**Work item:** Return all entries verbatim; skip any pictures.

**Source material:**
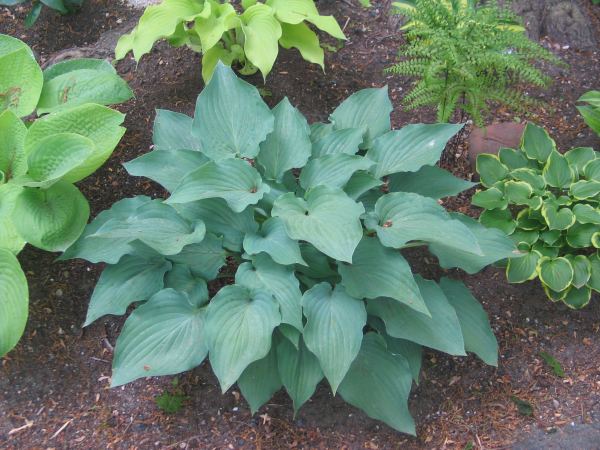 Hosta 'Sky Dancer'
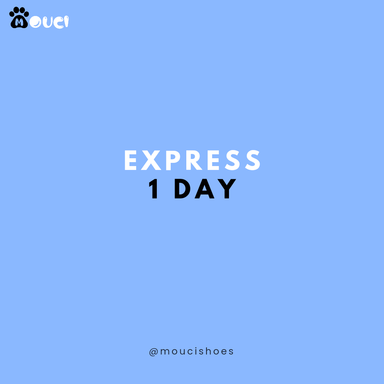 Express 1 Day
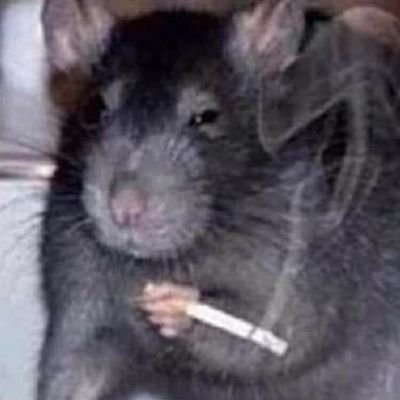 eu vou ter que aprender a usar o twitter igual gente
https://t.co/5ye11A4YgA
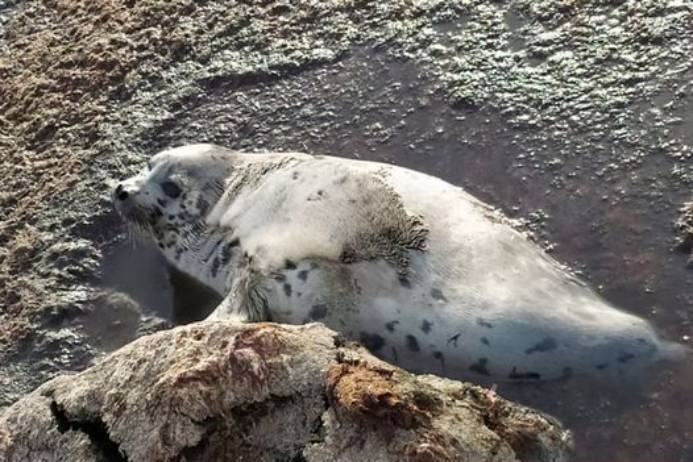 Происшествия в Казахстане и мире / Каспийского тюлененка спасли ветеринары Актау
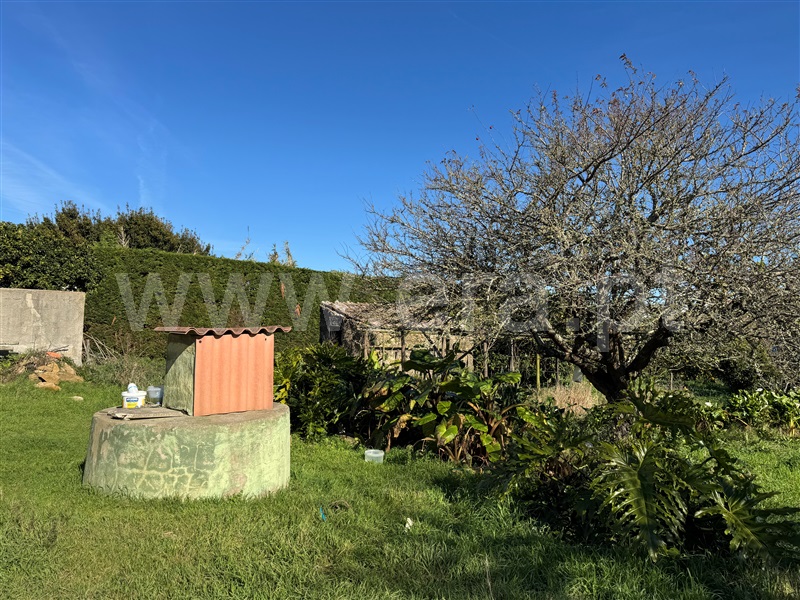 Quintinha T2 com Grande Torres Vedras, São Pedro da Cadeira - 1440995 - 39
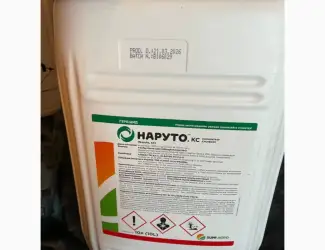 НАРУТО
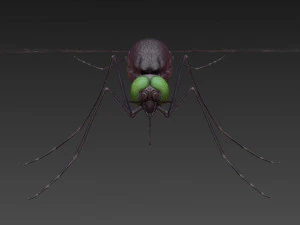 mosquito 3D Model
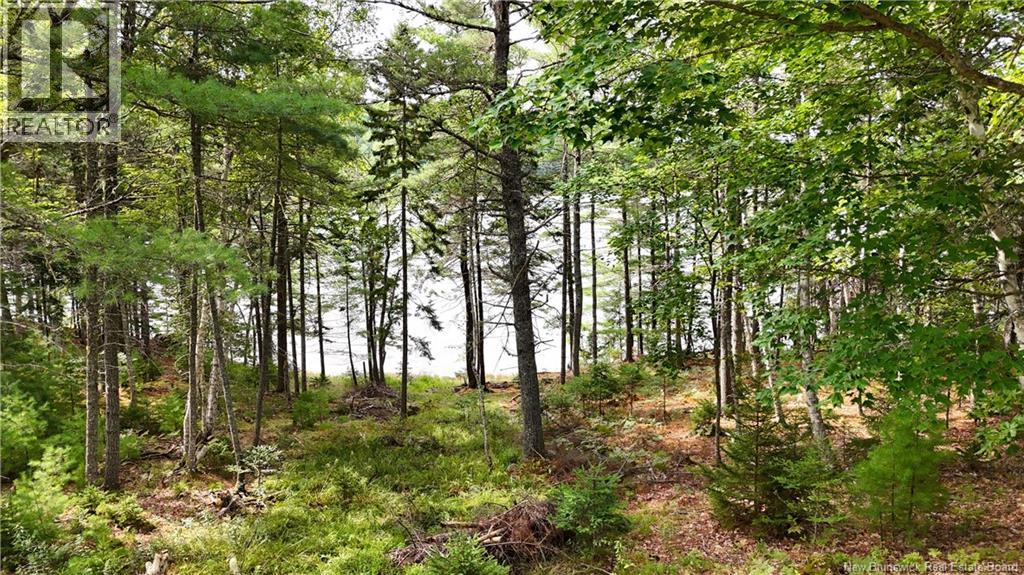 135 Pine Point Road, Dufferin, New Brunswick E3L 0G7 - Photo 5 - NB144398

**Final answer:**
 Hosta 'Sky Dancer'
 Express 1 Day
 eu vou ter que aprender a usar o twitter igual gente
https://t.co/5ye11A4YgA
 Происшествия в Казахстане и мире / Каспийского тюлененка спасли ветеринары Актау
 Quintinha T2 com Grande Torres Vedras, São Pedro da Cadeira - 1440995 - 39
 НАРУТО
 mosquito 3D Model
 135 Pine Point Road, Dufferin, New Brunswick E3L 0G7 - Photo 5 - NB144398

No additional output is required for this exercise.